Users are located in the UK and Ireland.  The servers are hosted in two UK datacentres.


Network traffic was captured initially at the application server.  The report took 57 minutes to complete.

This showed that the client accessed the application server via SMB2 and that although the client sent the application server about 180,000 requests, the total time to service those was about 4 minutes.  Therefore, the application server was not causing any significant delay.
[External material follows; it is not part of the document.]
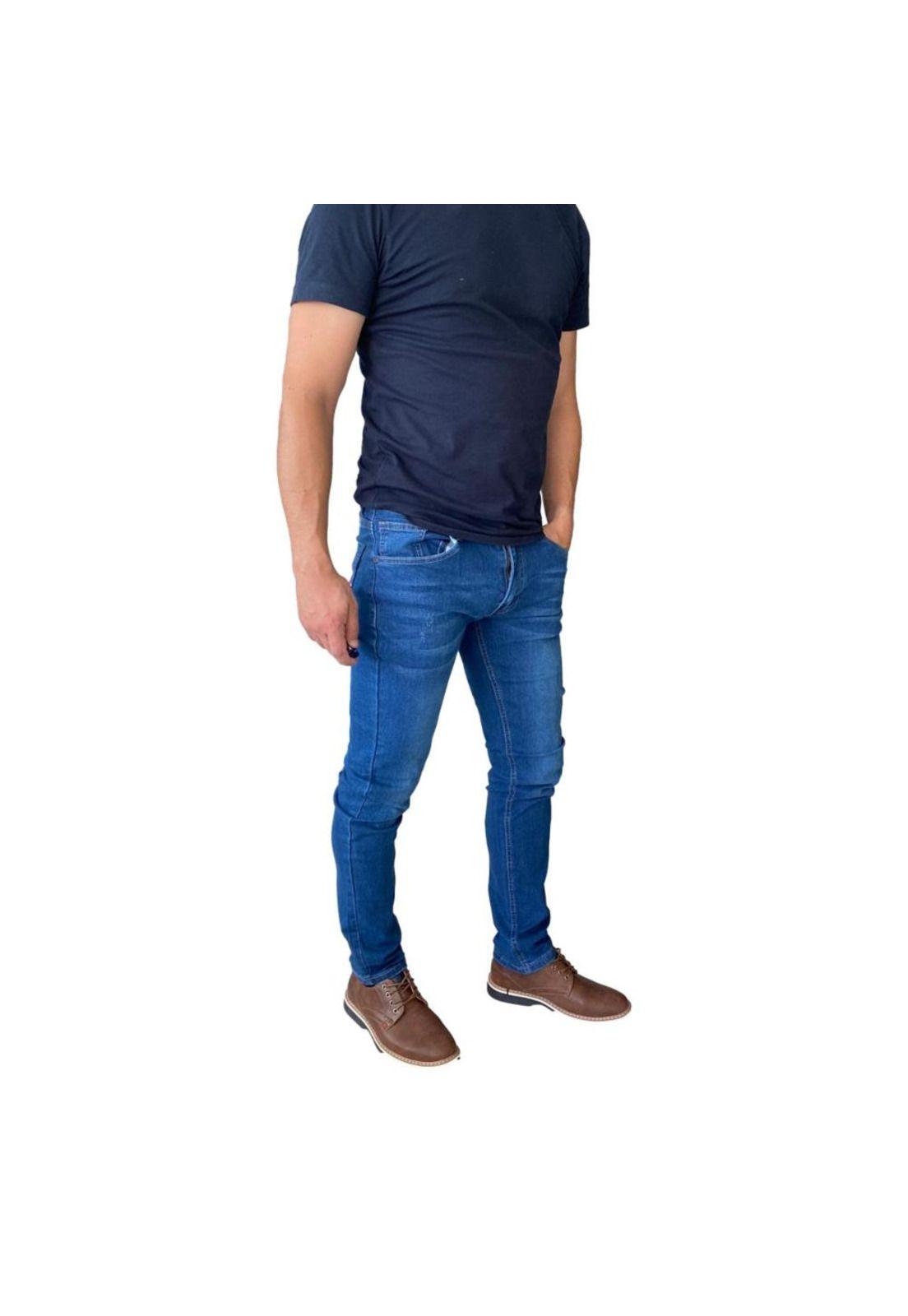 Jeans Hombre Elasticados Slim Azul-4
The next step was to examine what the client was doing.  This can be quite tricky in a virtualised environment as normally the application client might run on any available XenApp server.  We pinned the application to a single XenApp server and captured the network traffic on that server so that we could see all client-side network traffic.  We saw that the client was even more chatty than was at first thought.  We observed much more traffic with this capture, the same 180,000 requests to the application server but also about 590,000 requests directly to the database server.

Analysis of the capture showed that the time for the application server to respond to the 180,000 requests had increased from 4 to over 10 minutes. This indicated that the network round-trip time from the XenApp server to the application server (and the database) was about 2.3 ms.
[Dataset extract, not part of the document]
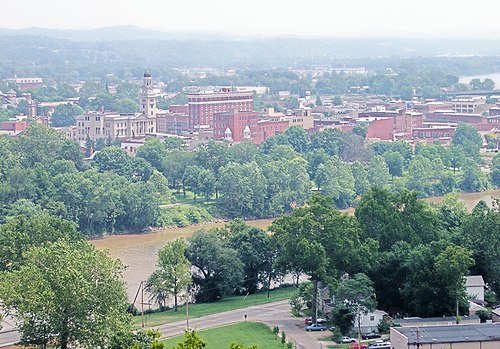 Downtown Marietta and the Muskingum River in July 2006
The total network time for the 770,000 requests was about 29 minutes, but although this was a very significant time, there were many simultaneous TCP sessions to both the application and the database servers, and if many of these were concurrent then it would dilute the effect of this 29 minutes on the overall elapsed time.  So, we still couldn’t be sure that the 2.3ms network time was the cause of the problem without undertaking some further analysis.

In order to see how much concurrency there was, we had to find how much time was spent where the XenApp server was not waiting for a response from either server.  We produced a program to calculate this time through the network capture.  It was found to be just over 20 minutes.

The total time to run the report was 3434 secs

Gap time (client not waiting) 806 secs

Time client waiting (total time minus gaps) 2628 secs

Total measured response time 2638 secs

This shows that there was 10 seconds of concurrent requests.  This could be discounted as it was such a low value. Therefore, the delay due to network round trips is the full value stated earlier.  This means that moving the client running on XenApp into the same data centre as the other two servers had the potential to improve the time by about half-an-hour.


The solution was very simple. Our customer provisioned extra XenApp servers in the same data centre as the two other servers and ensured that the application was run from those.  This reduced the time taken to run the report back to the expected 25-30 minutes.